Fast forward again to 2017. Today the social security trust fund of about 2.8 trillion dollars is invested in non-marketable securities (loans to the U.S. government) paying a modest interest rate just under 4%. But the loans to the government are spent as if they were freely available to the general budget. To keep the trust fund solvent IOUs were deposited in the trust fund in place of real assets. In other words, our social security trust fund is largely made up of promises that can be broken by changing federal laws. The pea is no longer under the cup; it is in the hands of Congress which may or may not produce the pea when the cup is lifted to pay retirement benefits. Incidentally, Medicare has a similarly convoluted history that has its own dark projections of solvency. 

So how important is this Thimblerig game in the big picture? Here's the bottom line: mandatory spending including social security benefits plus defense spending exceeds our tax revenues. If we were to eliminate all other discretionary items such as education, homeland security, energy, housing programs, etc. we could not balance the budget; we would still run a federal deficit.

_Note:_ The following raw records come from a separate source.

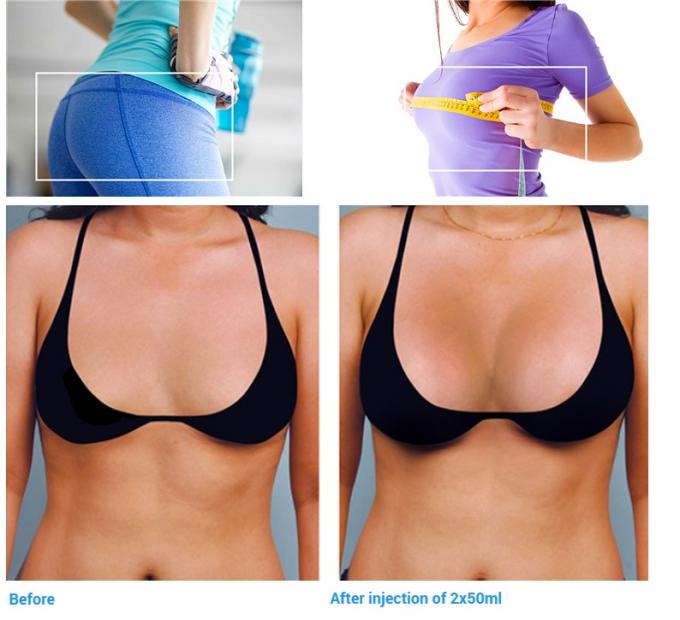 MSDS 20ml Hyaluronic Acid Breast Filler , Hyaluronic Acid Buttock Filler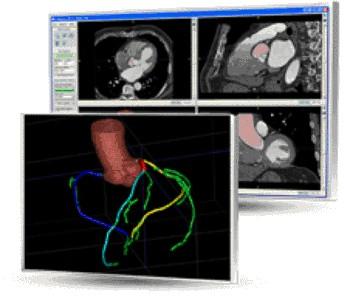 Rcadia公司研发全自动动脉CT血管造影分析系统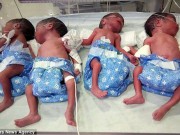 Bà bầu - Sốc: Ngỡ mang thai một, mẹ đẻ thường 5 con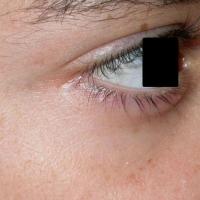 
	Same patient as figure 3 - treated with…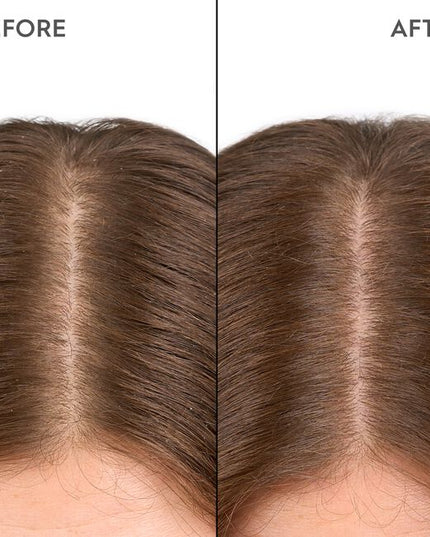 A highly effective serum with Biomimetic Silk, 1% Ectoin &amp; 1% Niacinamide. Kerasilk's 100% vegan* formula deeply moisturizes the scalp, relieving itchiness, redness, irritation, and flaking, while fortifying against external stressors.
*no animal-derived ingredients"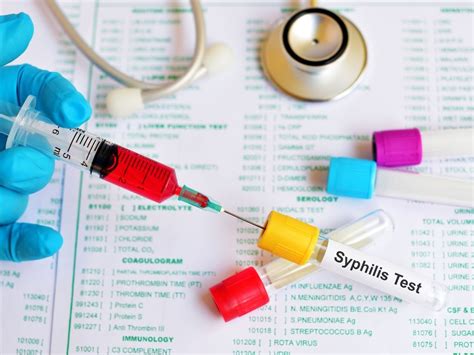 Syphilis 101: Symptoms, Causes, Diagnosis & Treatment - Homage Malaysia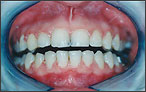 Orthodontics for Crossbite - after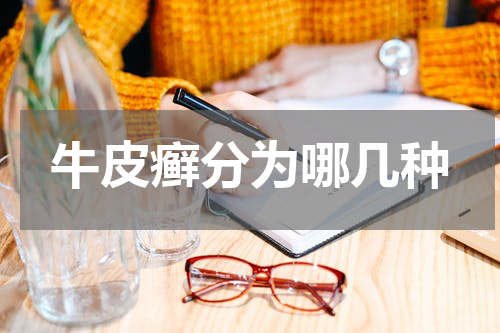 牛皮癣分为哪几种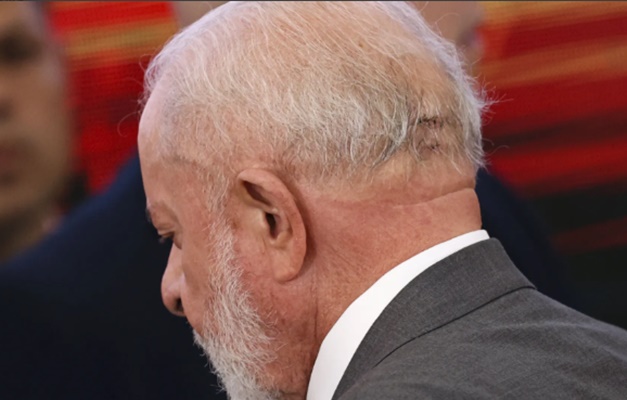 Lula tira pontos da cabeça nove dias depois de acidente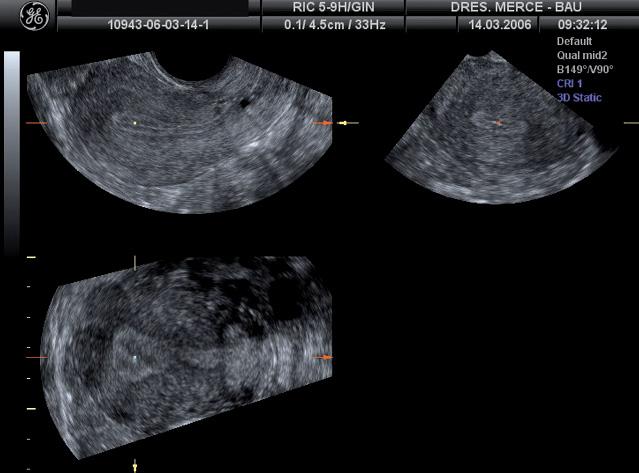 259 Figura 1. Representación multiplanar de un útero normal. La adquisición se realiza desde el plano longitudinal del útero (imagen superior izquierda). Figura 2.
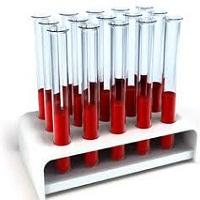 DETERMINACIÓN DE CLORUROS POR GRAVIMETRÍA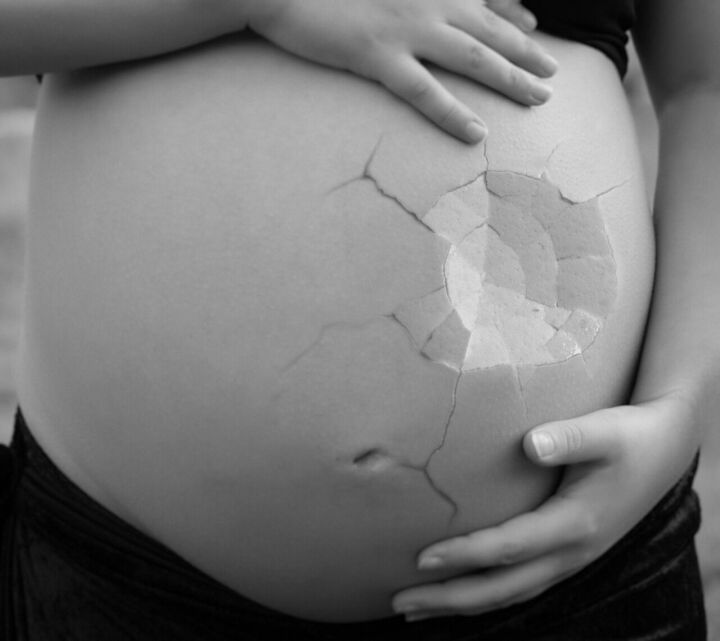 От коронавируса в Татарстане скончались 6 беременных женщин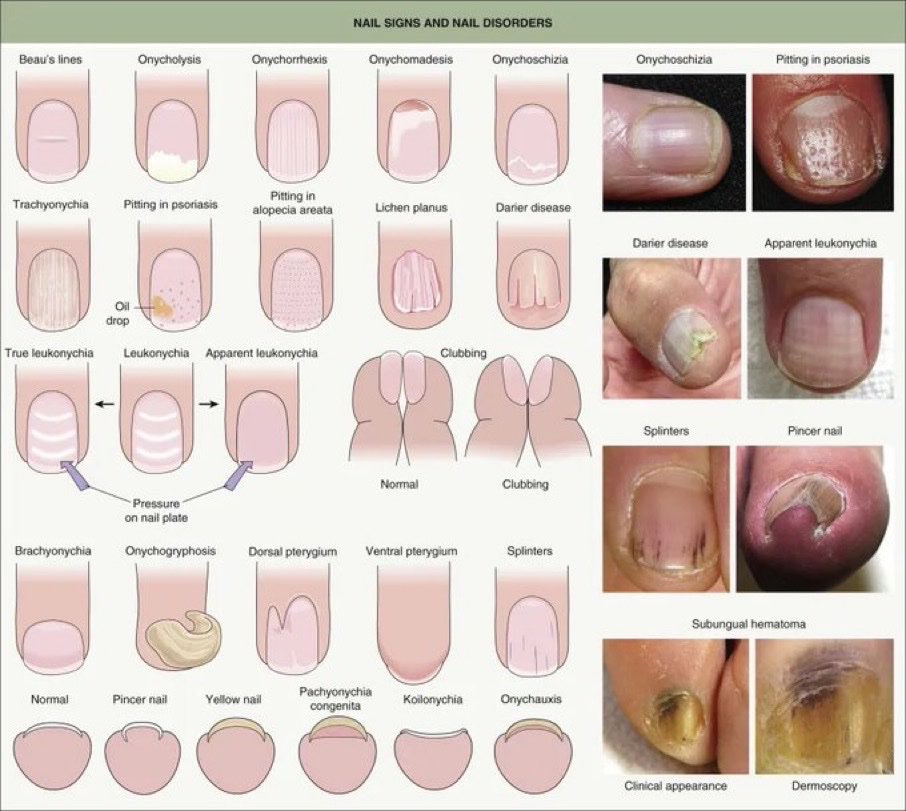 BrownJHM's tweet photo. Nail findings #MedEd (unknown source) https://t.co/Rr80eWzkEO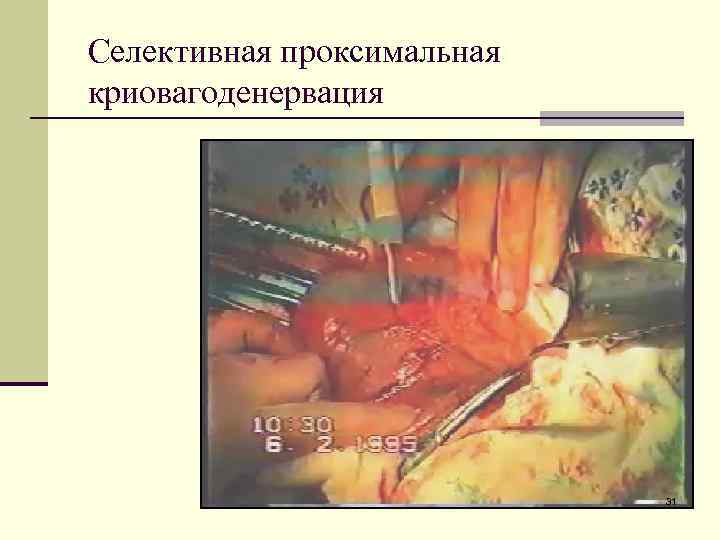 Селективная проксимальная криовагоденервация 31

I focused on social security here because it is 1/4 of our entire government spending. Add health care and you get half our entire spending. Look at the pie chart below: the green cannot be reduced without a change in the existing laws; the yellow is more than half military spending which is most likely to be increased under the current and future administrations. That leaves precious little room to cut spending and negative room to balance the budget. Indeed, the present focus on cutting programs like food stamps indicates how dire the problem is; food stamps would be a tiny sliver of yellow on the pie chart. You likely would need a magnifying glass to see it. The currently proposed budget (admittedly in its draft stages) could avoid a catastrophe only if tax revenues grow at unprecedented rates -- an unlikely prospect given the nature of the proposed tax cuts and historically sluggish (even nonexistent) reaction to tax incentives.

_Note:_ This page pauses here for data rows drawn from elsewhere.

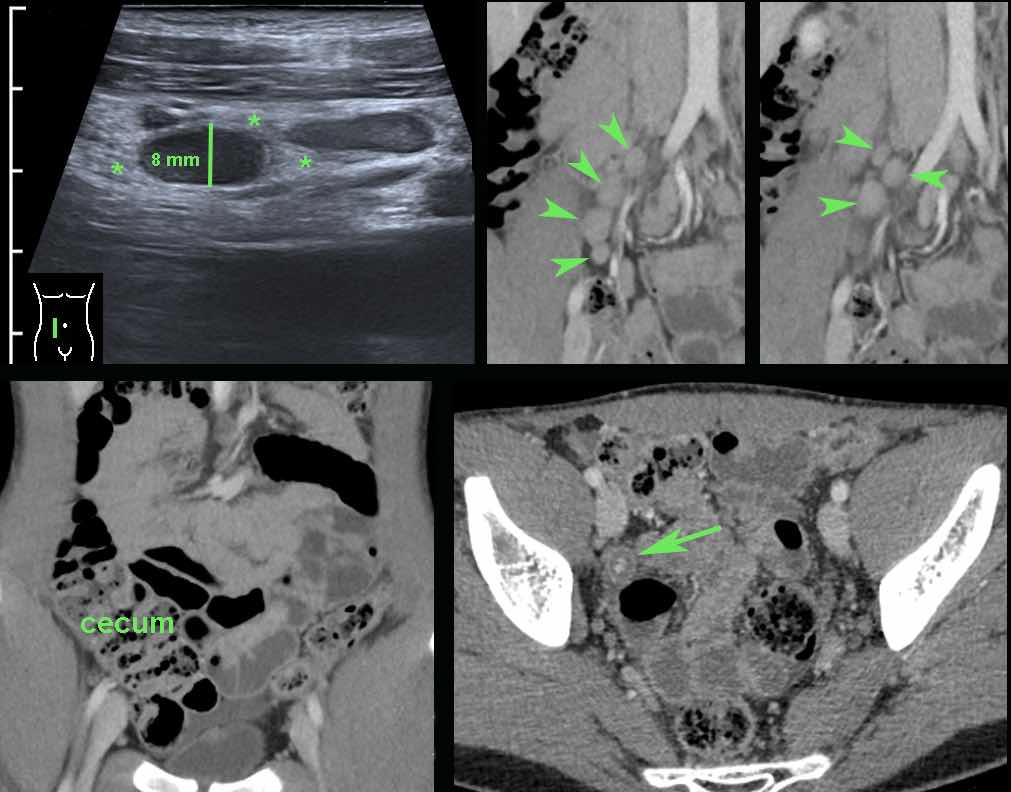 Acute appendicitis with enlarged mesenteric lymph nodes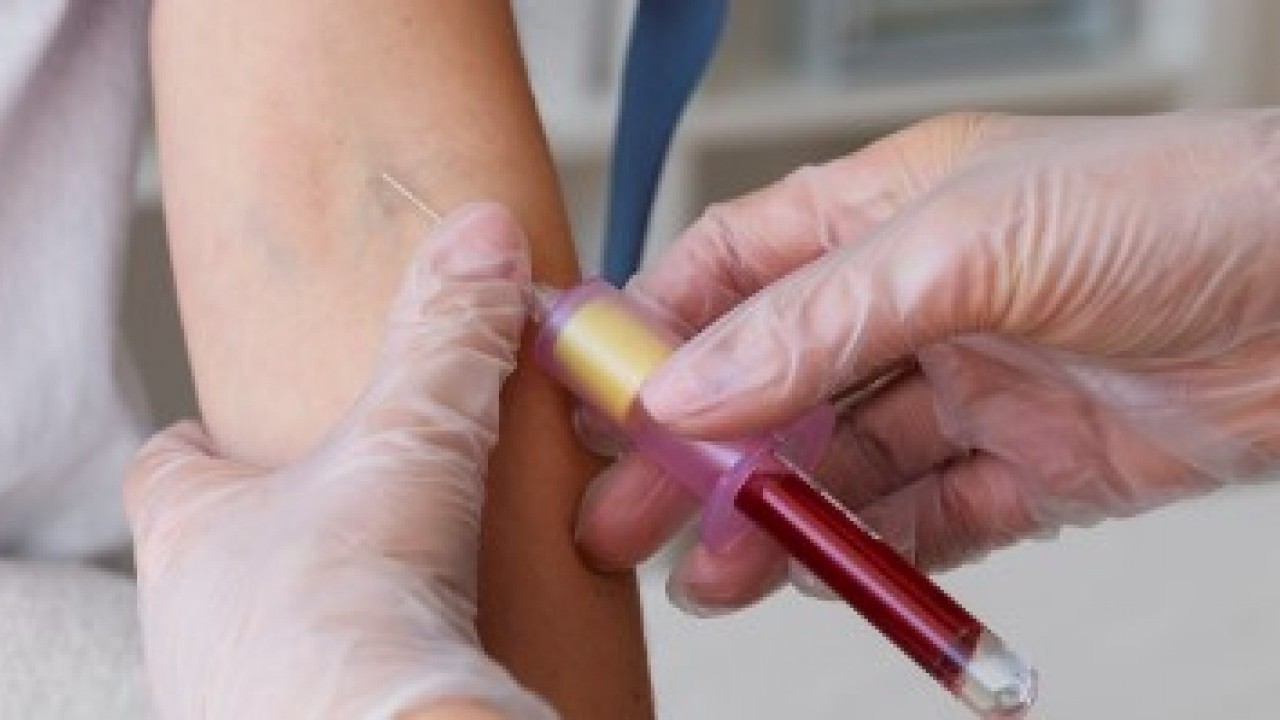 Foto - Bilim adamları açıkladı: Bu kan gurubu daha geç yaşlanıyor!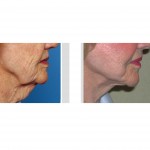 facelift-in-indianapolis-dr-barry-eppley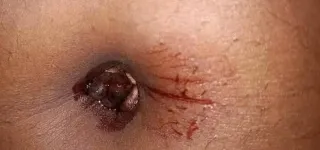 endometriose-ombilicale-le-mal-quon-ne-voit-pas-venir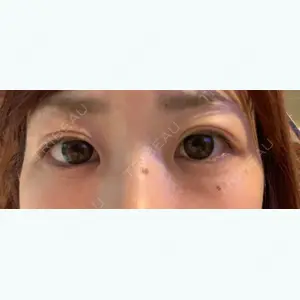 30 days after image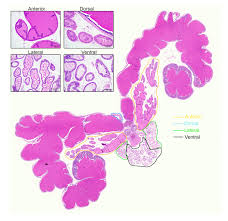أيّ طرق عملية البروستاتا موجودة؟ Identification Histological Characterization And Dissection Of Mouse Prostate Lobes For In Vitro 3d Spheroid Culture Models Protocol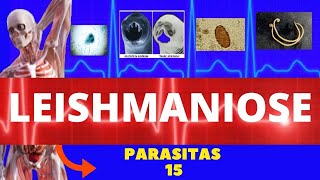 LEISHMANIOSE VISCERAL E LEISHMANIOSE TEGUMENTAR LEISHMANIA SSP  PARASITOLOGIA INFECTOLOGIA [upl. by Ybeloc]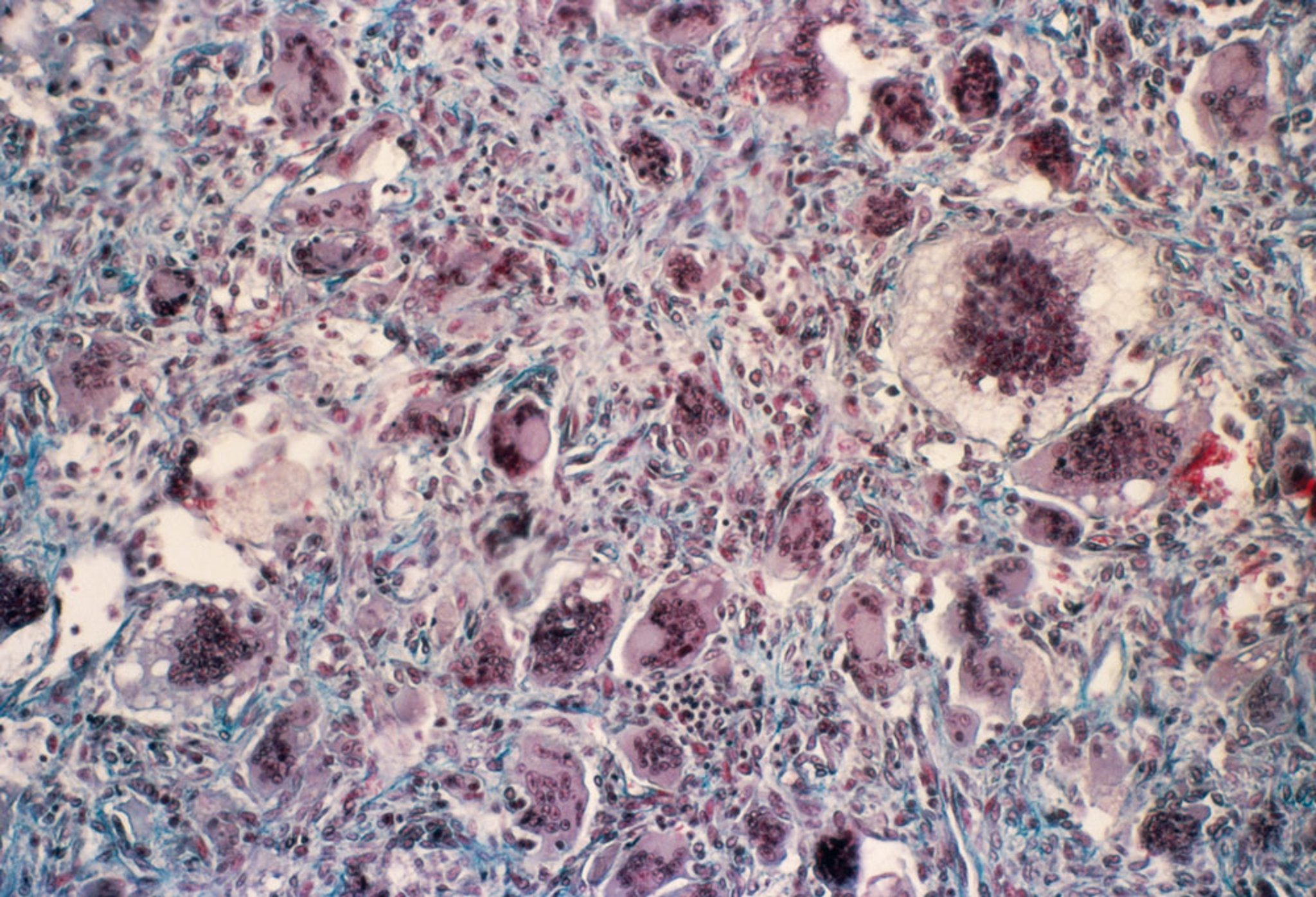 Osteitis Fibrosa Cystica (Brown Tumor)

An objective as stated by the present majority of the present Congress -- balancing the budget in 10 years -- can only be met either by relaxing the existing laws governing the integrity of the existing social security and health care trust funds or by deftly playing new and dangerous versions of the Thimblerig game. If future events such as military spending or unforeseen catastrophes require unplanned increases in spending, or if there is political pressure to avoid raising taxes or even reduce taxes, we could lose the Thimblerig game.

If your future health care and retirement funds are under the cups; watch carefully how the cups are shuffled.